“The signal is the truth. The noise is what distracts us from the truth.”
Nate Silver, 2012

One of the most important concepts in communication systems is the signal-to-noise ratio (SNR). In most communication systems there is a certain degree of background static – the noise. So, when you want to transmit or convey information – your signal – it’s critical that it stands out from the background. This important concept is useful in systems for communication, radar, imaging, data acquisition, and even information theory. It is also a useful mental model for thinking about human-to-human communications of all kinds, like AWS re:Invent. With hundreds of new product and feature announcements, thousands of sessions, and countless talking heads, extracting the signal from the noise is an incredibly difficult task. Here are a few of the key customer signals from AWS re:Invent.
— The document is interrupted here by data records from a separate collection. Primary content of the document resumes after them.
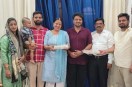 वंदना सिंह परिवार के साथ, फोटो सोर्स- AIR Lucknow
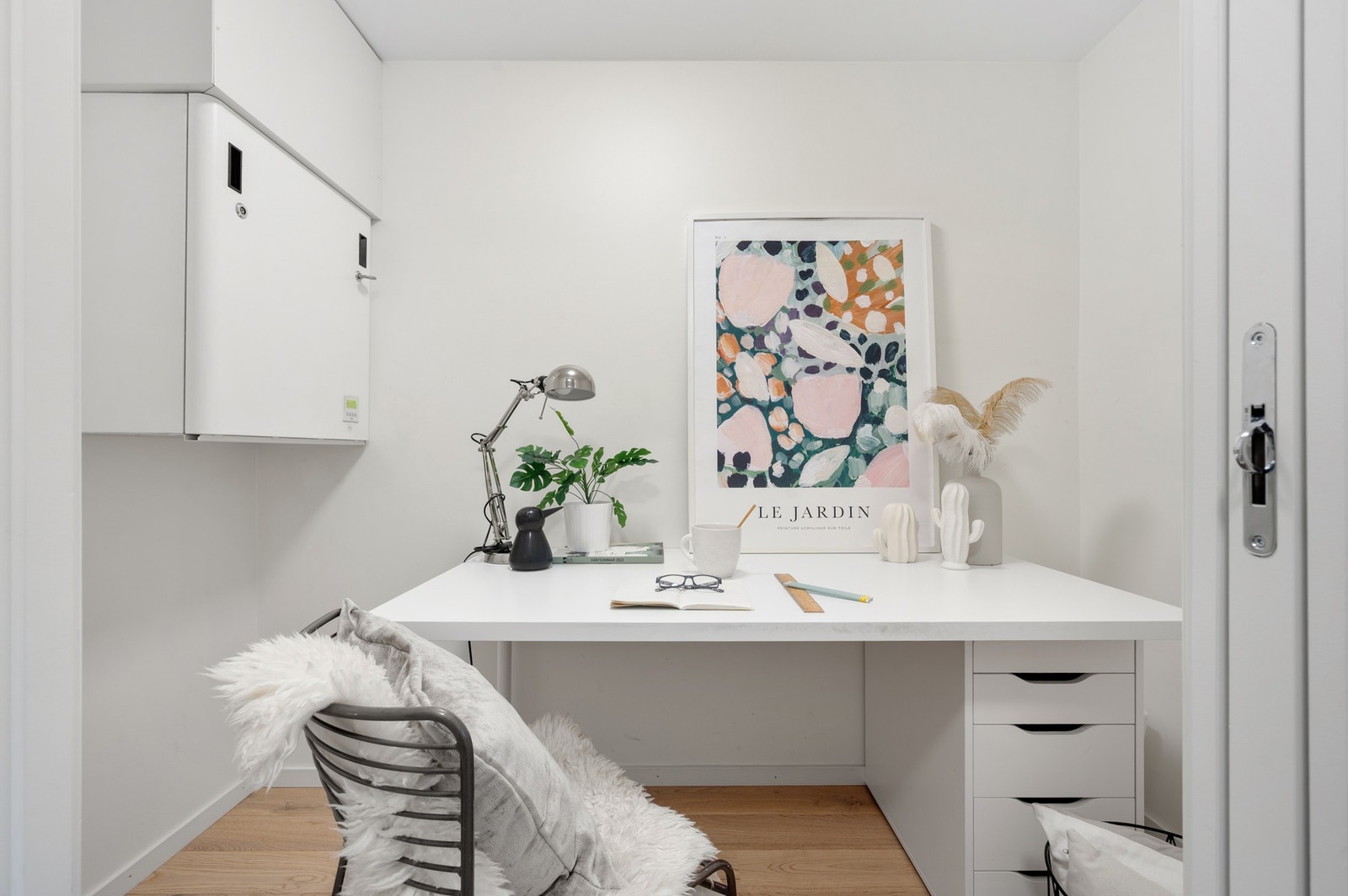 Fra gang har man tilkomst til en praktisk bod. Galleribilde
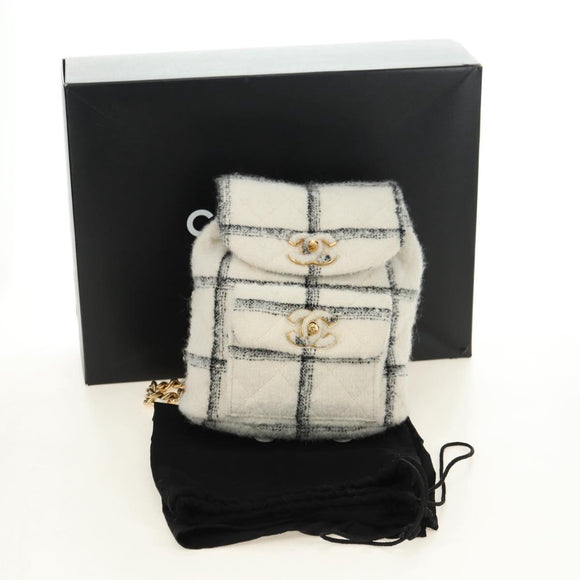 CHANEL Matelasse Chain Backpack Wool Tweed Ivory Gold CC Auth 181919SM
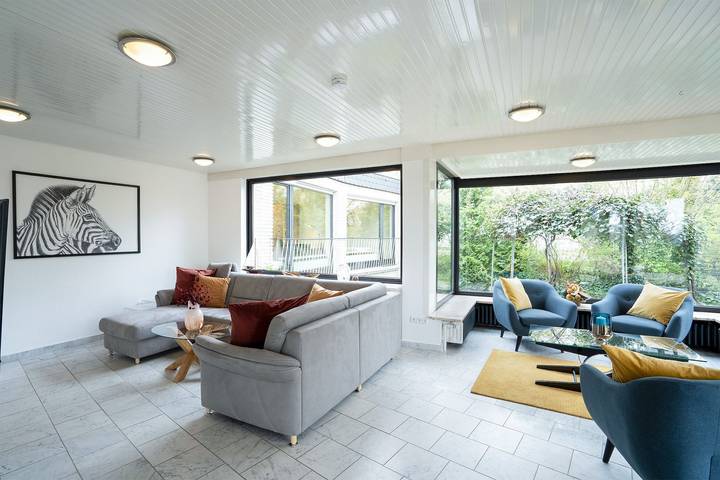 Ferienhaus für 9 Personen, mit Sauna und Balkon sowie Seeblick und Garten, kinderfreundlich in Holsteinische Schweiz - 2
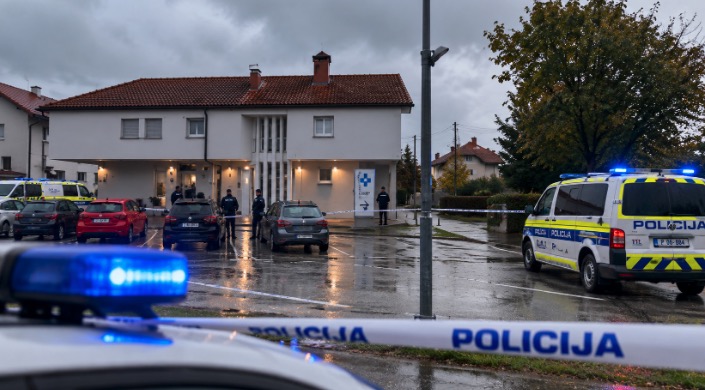 NEURADNO: Poročajo o streljanju v ambulanti pri Ljubljani, podatki o mrtvih ali ranjenih še niso znani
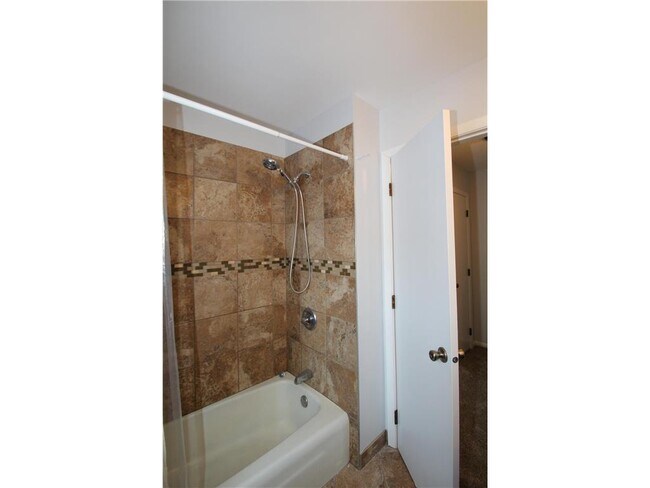 Building Photo - 5545 Shorewood Ln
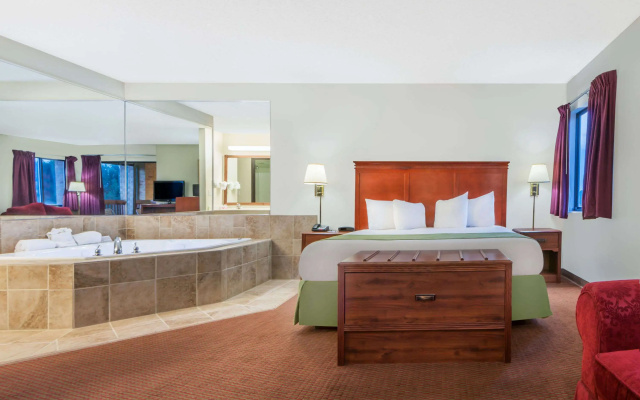 Baymont by Wyndham Enid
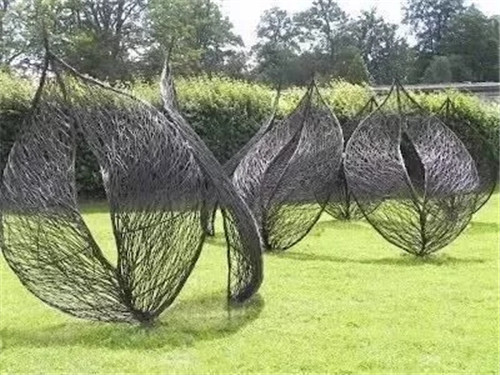 用樹枝與藤蔓,編織的庭院景觀雕塑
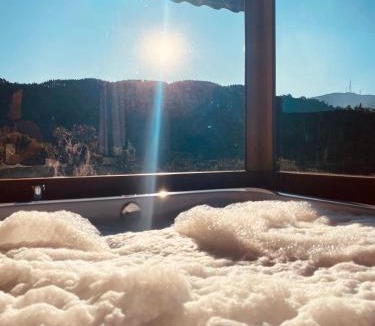 Rancho Queimado Ski Chalet | Romantic Getaway with Jacuzzi and Breakfast in Rancho Queimado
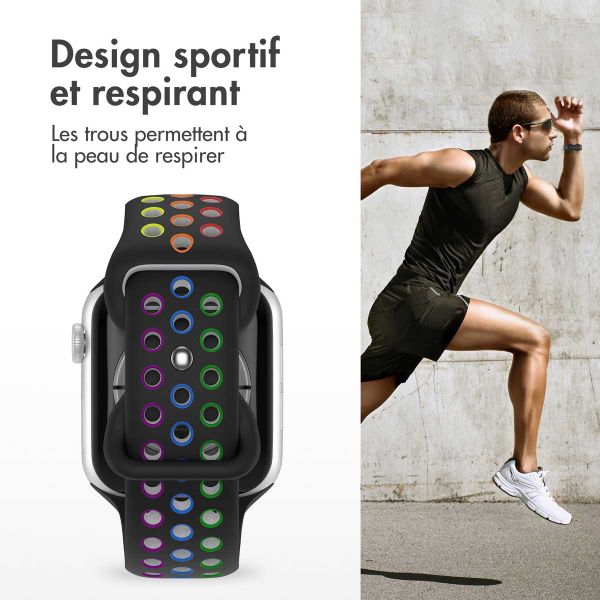 imoshion Bracelet Sport⁺ en silicone Apple Watch | 44/45/46/49 mm - Taille S/M - Black Rainbow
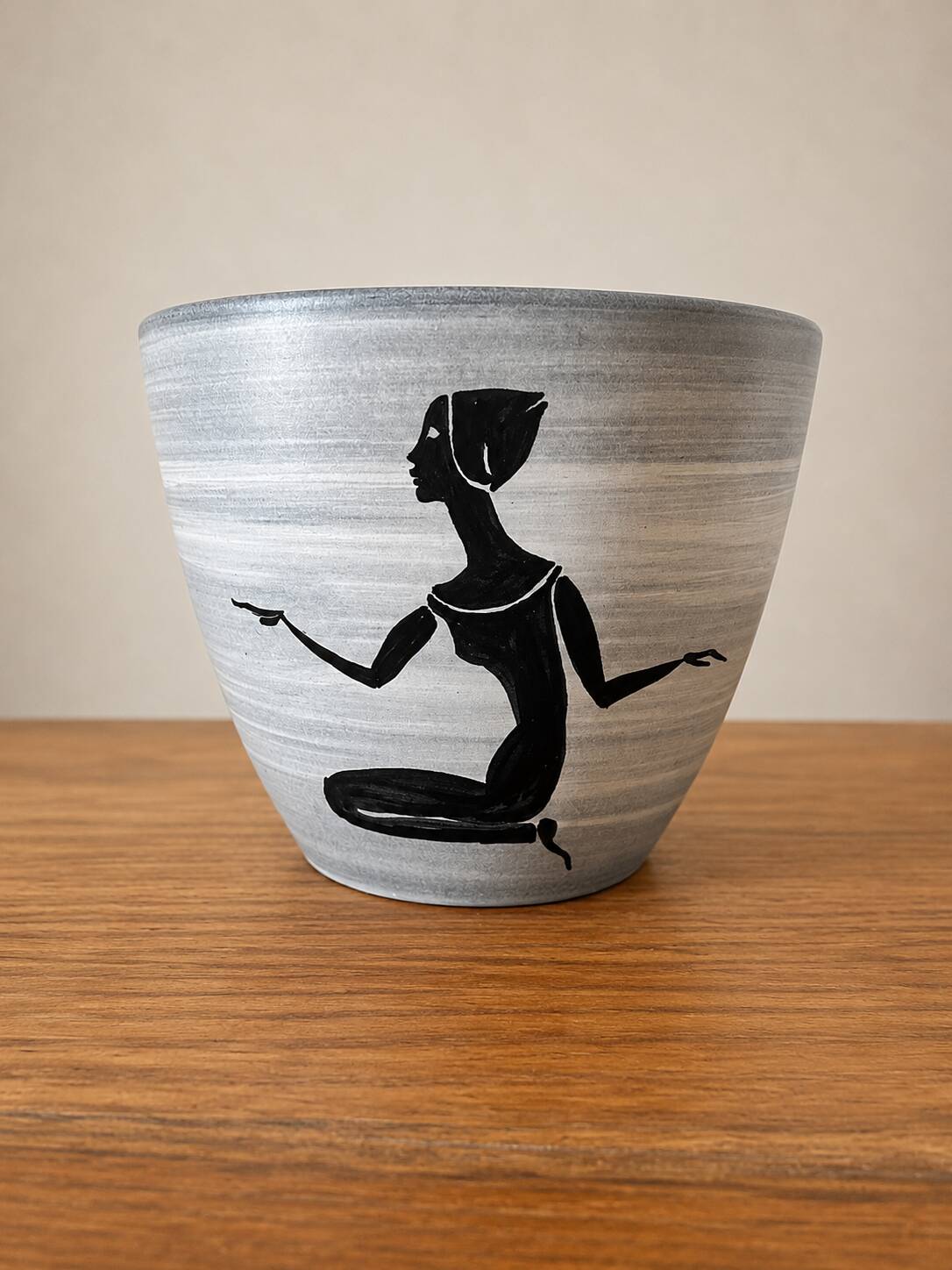 Milet cache-pot Sèvres, hand-decorated with a kneeling woman, 1950s.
Signal #1: Customers demand an exponential leap forward in data performance

AWS re:Invent kicked off Monday morning with a big bang of data and storage announcements, including a faster option for S3 storage and some updates to the Amazon FSx family, which we discussed last week. It’s great to see AWS innovating on behalf of customers to deliver faster-performing storage solutions. All this innovation is indicative of something we work with customers to solve every day: high-performance workloads are moving to the cloud, but the existing solutions are not up to the challenge. Generative AI, HPC, and numerous industry-specific applications for drug discovery, VFX rendering, electronic design automation, high-frequency trading, and many more use cases all demand an exponential leap forward in data performance. We love the customer focus AWS shows in these new offerings.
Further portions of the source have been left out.